# Crustless Apple Pie with a Different Twist



## SeniorSitizen (Sep 10, 2012)

Added to my food folder, for dessert, is the crustless apple pie my wife makes but with this one she suggested sprinkling a little Granola on top. WOW and good gawd i could make this.



1 apple sliced thin
about 2 tsp sugar - adjust to taste - less if possible

sprinkle a little cinnamon to taste
stir and microwave in a cereal bowl for bout 3 minutes on hi
remove from microwave and sprinkle on Granola cereal until it looks right


Not pictured is the very small bowl of vanilla ice cream chaser.:vs_laugh:


----------



## Startingover (Apr 18, 2012)

I love easy quick desserts at night after I’ve begun the day acting all superior and only buying veggies at the store. 9 pm, watching TV I’m sad there’s no snacks in the house.


----------



## wooleybooger (Feb 23, 2019)

Startingover said:


> I love easy quick desserts at night after I’ve begun the day acting all superior........
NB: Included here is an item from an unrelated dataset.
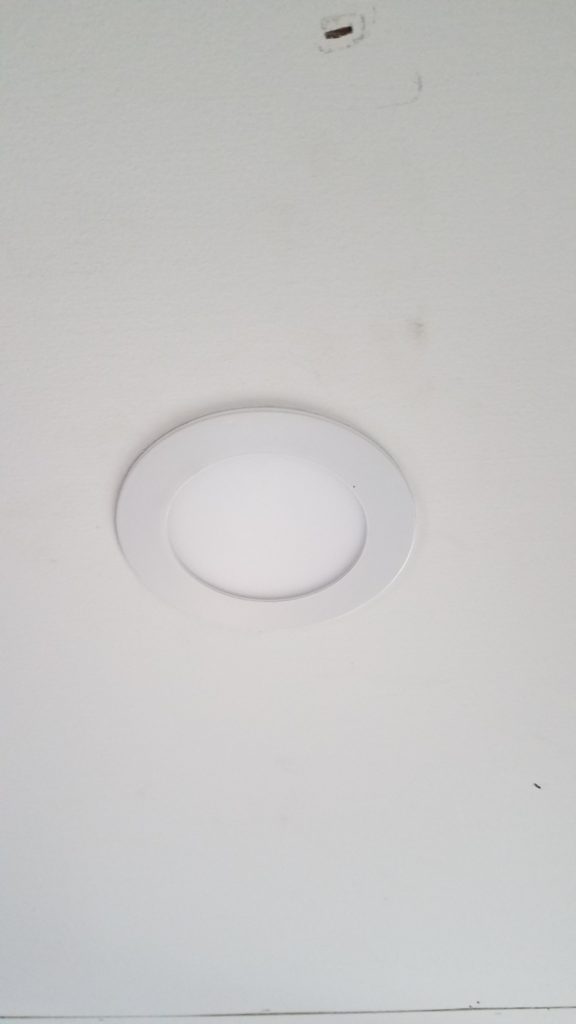 A recessed puck light installed in the ceiling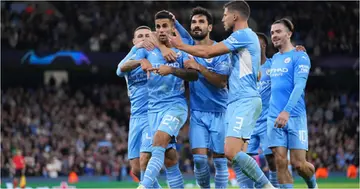 Joao Cancelo celebrates with teammates after scoring their side's fifth goal during the UEFA Champions League group A match against Leipzig (Photo by Matt McNulty - Manchester City/Manchester City FC via Getty Images)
:vs_laugh: :vs_laugh: :vs_laugh:

You knew that was coming huh?


----------



## SeniorSitizen (Sep 10, 2012)

After a long hard day there's nothing like letting your hair down and taking the mask off.


----------



## Nik333 (Mar 1, 2015)

Startingover said:


> I love easy quick desserts at night after I’ve begun the day acting all superior and only buying veggies at the store. 9 pm, watching TV I’m sad there’s no snacks in the house.



Do you have sugar, butter or cocoa? Potatoes? Apples? I can think of lots of snacks to make.:smile:


----------



## huesmann (Aug 18, 2011)

crustless pie = cobbler :vs_laugh:


----------



## SeniorSitizen (Sep 10, 2012)

huesmann said:


> crustless pie = cobbler :vs_laugh:


That's about 2 miles above my pay grade.


----------



## wooleybooger (Feb 23, 2019)

cobbler = upside down pie. :biggrin2:


----------